Note that if you think two concepts is good, there isn't actually any
reason the two concepts have to have the feature clusters they
traditionally have. For example, you could have two kinds of "space,"
and both could allow windows to overlap two spaces as in traditional
viewports, if you wanted. Or you could have two concepts, and neither
one would allow edge flipping. Or whatever.

You could in principle have the following UI:

 Name your new custom kind of space: ___________

  [ ] has edge flipping
  [ ] has arrow-key shortcuts
  [ ] windows overlap between instances of this kind of space
  [ ] whatever else

  This space occurs inside what other kind of space [Foo]

  You have [5] spaces of this type nested inside Foo

And you could make up Workspaces, Viewports, Workspaces', Viewports', 
MyOwnWackyKindOfSpace, MyPersonalKindOfPort, blah blah blah. Then nest
them all inside each other!

Anyway, the GNOME 2 decision was to have the configurable kind of
space, but not to allow more than one kind, and you have to name it
"Workspace." Whether to make each feature (edge-flipping or whatever)
available as an option for this single kind of space is an orthogonal
question to how many kinds of space you can have at once.

Thus, if you like (non)overlapping windows between spaces, arrow-key
shortcuts, edge flipping, or whatever you like, those likes/dislikes
have nothing at all to do with the question of whether to use
workspaces or viewports. Zero.

The only issue here is whether you want to be able to have two (or N)
kinds of space at the same time, nested inside each other. Tossing out
that ability is the decision that was made for GNOME 2.

So, there we have one conscious feature jettison: you can't have two
kinds of space at once. 

We also have a few accidental feature jettisons, because we used the
code for the traditional "workspaces" concept. This means that 
for example arrow-key space-switching has to be reimplemented, and no
one has done that yet. So this is one reason people are bitching, but
it has nothing to do with workspaces vs. viewports, and nothing to do 
with the conscious feature jettison, it is simply a "no one
implemented it yet." So we're taking patches.

There may be some features that we don't _want_ patches for, for
example to me edge flipping (when not dragging a window) is in this
category. But each of those features can be separately discussed and
no such discussion has yet occurred.

 - Workspaces vs.

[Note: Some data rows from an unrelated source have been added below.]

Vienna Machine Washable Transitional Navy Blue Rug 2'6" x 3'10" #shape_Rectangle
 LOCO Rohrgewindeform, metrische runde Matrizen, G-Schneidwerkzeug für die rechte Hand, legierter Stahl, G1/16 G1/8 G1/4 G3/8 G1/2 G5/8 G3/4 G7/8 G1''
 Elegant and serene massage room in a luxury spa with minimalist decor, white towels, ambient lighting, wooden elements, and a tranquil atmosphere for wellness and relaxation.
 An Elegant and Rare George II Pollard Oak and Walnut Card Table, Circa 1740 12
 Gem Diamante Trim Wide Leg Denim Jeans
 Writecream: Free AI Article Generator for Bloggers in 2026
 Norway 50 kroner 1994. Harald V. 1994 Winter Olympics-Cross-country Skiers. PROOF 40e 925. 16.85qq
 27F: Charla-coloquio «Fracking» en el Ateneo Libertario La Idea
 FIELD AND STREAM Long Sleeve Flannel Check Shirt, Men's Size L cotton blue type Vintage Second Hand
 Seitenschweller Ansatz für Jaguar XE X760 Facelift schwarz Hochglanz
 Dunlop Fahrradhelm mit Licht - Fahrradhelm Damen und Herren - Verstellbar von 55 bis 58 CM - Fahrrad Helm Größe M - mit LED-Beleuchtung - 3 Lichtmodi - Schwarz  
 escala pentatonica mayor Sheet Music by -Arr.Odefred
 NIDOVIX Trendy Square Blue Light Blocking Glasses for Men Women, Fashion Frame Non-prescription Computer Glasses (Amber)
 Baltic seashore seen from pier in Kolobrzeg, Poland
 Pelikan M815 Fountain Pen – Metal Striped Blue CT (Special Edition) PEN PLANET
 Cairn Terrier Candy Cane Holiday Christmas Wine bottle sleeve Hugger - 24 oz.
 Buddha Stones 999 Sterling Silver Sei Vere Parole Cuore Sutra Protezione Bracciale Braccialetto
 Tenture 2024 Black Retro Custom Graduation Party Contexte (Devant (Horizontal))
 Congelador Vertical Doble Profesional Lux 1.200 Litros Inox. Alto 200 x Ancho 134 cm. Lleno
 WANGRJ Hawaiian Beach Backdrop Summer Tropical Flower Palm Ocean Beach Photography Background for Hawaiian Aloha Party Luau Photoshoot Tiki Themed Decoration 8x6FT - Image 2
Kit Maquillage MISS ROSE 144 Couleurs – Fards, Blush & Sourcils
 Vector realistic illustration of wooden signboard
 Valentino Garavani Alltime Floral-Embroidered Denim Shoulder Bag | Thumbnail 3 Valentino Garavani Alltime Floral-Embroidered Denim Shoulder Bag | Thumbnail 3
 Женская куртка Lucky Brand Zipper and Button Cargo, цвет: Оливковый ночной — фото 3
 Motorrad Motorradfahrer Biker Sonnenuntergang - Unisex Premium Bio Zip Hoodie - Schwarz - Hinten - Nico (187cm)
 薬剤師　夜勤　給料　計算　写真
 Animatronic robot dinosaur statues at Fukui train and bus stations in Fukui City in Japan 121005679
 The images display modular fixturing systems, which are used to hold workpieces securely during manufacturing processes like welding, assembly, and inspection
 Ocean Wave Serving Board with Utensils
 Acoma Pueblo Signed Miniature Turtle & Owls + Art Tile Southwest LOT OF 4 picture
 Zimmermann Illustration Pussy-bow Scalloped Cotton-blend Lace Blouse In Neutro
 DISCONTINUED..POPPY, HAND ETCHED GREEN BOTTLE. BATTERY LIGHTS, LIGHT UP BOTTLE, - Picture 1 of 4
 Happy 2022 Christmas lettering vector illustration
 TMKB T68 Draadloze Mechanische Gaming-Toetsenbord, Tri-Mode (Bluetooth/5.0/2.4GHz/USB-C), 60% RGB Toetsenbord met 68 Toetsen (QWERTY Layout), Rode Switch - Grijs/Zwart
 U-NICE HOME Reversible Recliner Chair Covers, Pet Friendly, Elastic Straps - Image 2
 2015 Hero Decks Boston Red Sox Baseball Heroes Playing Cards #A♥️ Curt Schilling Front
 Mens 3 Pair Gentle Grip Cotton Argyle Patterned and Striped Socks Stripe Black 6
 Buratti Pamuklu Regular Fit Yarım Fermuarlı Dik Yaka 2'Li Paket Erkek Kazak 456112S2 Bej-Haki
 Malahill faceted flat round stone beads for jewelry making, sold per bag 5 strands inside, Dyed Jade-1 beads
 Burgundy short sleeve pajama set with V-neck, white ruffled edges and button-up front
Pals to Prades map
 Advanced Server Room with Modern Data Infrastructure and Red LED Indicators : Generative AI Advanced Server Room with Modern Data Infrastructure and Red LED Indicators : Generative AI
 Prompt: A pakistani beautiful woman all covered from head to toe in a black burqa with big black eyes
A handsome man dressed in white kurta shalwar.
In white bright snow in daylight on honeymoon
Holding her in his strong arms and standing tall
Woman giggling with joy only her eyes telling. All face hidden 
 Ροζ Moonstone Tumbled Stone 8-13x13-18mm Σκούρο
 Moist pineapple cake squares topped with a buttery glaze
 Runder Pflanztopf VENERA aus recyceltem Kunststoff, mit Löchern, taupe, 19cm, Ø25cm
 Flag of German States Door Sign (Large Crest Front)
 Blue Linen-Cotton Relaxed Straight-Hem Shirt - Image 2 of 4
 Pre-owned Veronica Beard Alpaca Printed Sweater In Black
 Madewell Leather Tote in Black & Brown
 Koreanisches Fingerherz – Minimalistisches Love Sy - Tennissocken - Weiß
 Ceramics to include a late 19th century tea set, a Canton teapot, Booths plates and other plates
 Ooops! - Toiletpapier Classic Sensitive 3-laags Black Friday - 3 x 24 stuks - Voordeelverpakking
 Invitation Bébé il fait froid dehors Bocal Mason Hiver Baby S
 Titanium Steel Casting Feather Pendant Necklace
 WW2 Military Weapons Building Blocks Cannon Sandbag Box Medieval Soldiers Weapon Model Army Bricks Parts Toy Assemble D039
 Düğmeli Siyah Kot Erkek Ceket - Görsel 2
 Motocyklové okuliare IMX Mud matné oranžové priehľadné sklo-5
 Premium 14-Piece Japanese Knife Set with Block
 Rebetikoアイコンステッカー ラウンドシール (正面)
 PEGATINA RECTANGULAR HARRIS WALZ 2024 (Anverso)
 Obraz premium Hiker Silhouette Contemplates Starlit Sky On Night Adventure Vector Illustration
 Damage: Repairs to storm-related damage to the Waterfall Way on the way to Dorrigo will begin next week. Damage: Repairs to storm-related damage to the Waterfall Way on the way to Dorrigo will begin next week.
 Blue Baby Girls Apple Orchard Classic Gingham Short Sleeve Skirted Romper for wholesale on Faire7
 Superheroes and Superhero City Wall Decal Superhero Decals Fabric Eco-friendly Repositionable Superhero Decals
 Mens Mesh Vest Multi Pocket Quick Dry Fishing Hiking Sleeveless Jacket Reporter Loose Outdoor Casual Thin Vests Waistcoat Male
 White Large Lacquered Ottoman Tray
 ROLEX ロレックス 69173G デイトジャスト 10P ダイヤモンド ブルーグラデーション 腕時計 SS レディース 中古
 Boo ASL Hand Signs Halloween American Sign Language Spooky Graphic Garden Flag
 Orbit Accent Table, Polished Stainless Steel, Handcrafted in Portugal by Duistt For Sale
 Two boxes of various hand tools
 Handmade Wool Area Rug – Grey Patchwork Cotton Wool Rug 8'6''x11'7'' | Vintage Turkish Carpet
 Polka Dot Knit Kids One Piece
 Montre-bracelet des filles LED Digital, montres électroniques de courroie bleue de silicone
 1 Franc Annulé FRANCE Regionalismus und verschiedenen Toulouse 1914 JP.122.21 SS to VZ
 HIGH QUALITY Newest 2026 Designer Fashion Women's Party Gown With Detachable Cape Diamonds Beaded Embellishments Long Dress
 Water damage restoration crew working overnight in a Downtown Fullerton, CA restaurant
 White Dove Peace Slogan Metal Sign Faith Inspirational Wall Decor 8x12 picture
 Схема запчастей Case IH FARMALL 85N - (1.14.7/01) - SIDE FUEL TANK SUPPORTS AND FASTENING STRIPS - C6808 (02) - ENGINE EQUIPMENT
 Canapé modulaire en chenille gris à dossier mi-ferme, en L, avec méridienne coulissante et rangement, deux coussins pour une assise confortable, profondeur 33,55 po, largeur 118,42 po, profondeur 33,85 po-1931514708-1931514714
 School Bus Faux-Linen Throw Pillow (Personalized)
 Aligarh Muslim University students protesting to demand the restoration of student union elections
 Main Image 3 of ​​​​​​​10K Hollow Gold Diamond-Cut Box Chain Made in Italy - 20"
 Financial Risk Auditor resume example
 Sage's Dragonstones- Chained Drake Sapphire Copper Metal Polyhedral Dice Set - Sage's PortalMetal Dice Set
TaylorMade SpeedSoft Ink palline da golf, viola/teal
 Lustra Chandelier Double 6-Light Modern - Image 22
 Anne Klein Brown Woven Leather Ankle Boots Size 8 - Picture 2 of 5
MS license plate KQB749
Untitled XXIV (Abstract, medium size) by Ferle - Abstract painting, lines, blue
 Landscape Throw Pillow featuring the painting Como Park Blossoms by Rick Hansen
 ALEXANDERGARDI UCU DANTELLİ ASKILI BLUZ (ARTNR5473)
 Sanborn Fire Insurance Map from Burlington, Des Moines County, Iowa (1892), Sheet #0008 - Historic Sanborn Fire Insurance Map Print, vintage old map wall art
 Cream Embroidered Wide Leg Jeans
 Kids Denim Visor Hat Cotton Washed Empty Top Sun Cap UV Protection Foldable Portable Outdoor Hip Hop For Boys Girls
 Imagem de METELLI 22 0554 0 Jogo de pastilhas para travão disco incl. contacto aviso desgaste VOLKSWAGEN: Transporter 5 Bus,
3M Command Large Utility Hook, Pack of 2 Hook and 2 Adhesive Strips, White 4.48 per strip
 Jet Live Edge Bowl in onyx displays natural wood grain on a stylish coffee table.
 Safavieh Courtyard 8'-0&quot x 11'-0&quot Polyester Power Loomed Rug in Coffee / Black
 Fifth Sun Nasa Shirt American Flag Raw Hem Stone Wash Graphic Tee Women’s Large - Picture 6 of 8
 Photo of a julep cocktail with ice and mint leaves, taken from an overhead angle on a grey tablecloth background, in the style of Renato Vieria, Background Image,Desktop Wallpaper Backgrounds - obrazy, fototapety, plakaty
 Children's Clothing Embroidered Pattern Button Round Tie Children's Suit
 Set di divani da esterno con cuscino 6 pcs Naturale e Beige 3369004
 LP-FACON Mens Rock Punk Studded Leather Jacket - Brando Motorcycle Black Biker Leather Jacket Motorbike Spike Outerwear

Viewports = Implementation Detail You Don't Care About

 - Specific Features = Thing To Be Discussed On Individual Merits Of Each Feature

 - Number of Simultaneous Kinds Of Space = Example of a Specific Feature

>  Was it something decided on the mailing list a long time ago?

Yes, it was discusssed quite a while back, but I couldn't find it in
the archives when I looked the other day.

Havoc



[Date Prev][Date Next]   [Thread Prev][Thread Next]   [Thread Index] [Date Index] [Author Index]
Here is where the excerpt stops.